Friday, 2 May 2014

Reflections on the song of a riro riro

For 82 million years, since New Zealand floated off the edge of Gondwanaland, its parrots have evolved in directions far removed from their more vibrant and psychedelic Australian cousins. The prime native New Zealand parrots, kea, kākā and kakapo (and varieties), are positively funereal compared to, say, a crimson rosella or a king parrot. Yet ask a kākā  to sing, and, while not quite either Kiri Te Kanawa or even Joan Sutherland, neither is its hymn the Mephistophelian snarl of a sulphur crested or red tailed black cockatoo or a galah. To be honest, given its skills at mimicry, a kākā would soon out-Kiri Kiri.
 
Birders speak of “LBJs”, little brown jobs. The pardalote is a classic, though not particularly drab: it skitters through bushland leaving a trail of scattered song, tantalising the eye but rewarding the ear. To be fair Australia has an enormous range of birds, and many are exquisite songsters (the most beautiful, ironically, is perhaps the butcher bird). Aotearoa has a comparatively limited range of natives, but few fail to thrill the ear. Arguably the most mellifluous of all is, in fact an import, the song thrush, but let’s not let reality get in the way of a good story.

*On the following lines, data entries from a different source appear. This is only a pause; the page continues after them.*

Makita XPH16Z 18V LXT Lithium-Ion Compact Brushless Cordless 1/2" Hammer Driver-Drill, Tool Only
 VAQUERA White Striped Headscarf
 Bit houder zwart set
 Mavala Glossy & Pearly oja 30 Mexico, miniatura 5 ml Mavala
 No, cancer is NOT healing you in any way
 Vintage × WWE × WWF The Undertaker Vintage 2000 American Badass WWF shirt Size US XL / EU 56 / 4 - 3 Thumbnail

For there is a parable here. The beautiful trillings of an otherwise drab LBJ stir the heart, and, if the heart is godwardly attuned it may be stirred to join the bird, singing in praise of the Creator. The psychedelic flash of a flock of rainbow bee-eaters also stirs the soul, but, while its song is not that of a galah, it’s more Barry Manilow than Andrea Boccelli, and it is the colour, not the song, that moves us.

For me, more than any, it is a tiny New Zealand native called a riroriro that provokes the heart to praise. Only about 10 cms long, this tiny drab bird sings the descant of the forest, and its piping ventriloqual voice can float through a valley like the song of an angel. Perhaps I should stop any trans-Tasman rivalry, for there is an Australian warbler with a very similar song that is a relative of the riro riro, but, while not rare, it is far less ubiquitous and its song is less iconic in Australian culture.

This riro riro, then, is my (flawed) parable. Small, drab, all but invisible, its song rises to the heavens. Surely for those of us who will never paint the forests bright with the psychedelic colours of our being there is a message here: sing the song God gave us and we too can raise the spirits of a frost-encrusted valley. Frost, of course, is not exactly a problem in Darwin (where this was written), but perhaps we can relate from experience somewhere sometime to the oppression of mist and frozen toes? You and I have a song to sing, the notes of life that God has given us. We may not, will not live in neon splendour, but in our small songs we may somewhere, somehow thrill the soul of those who pass us by.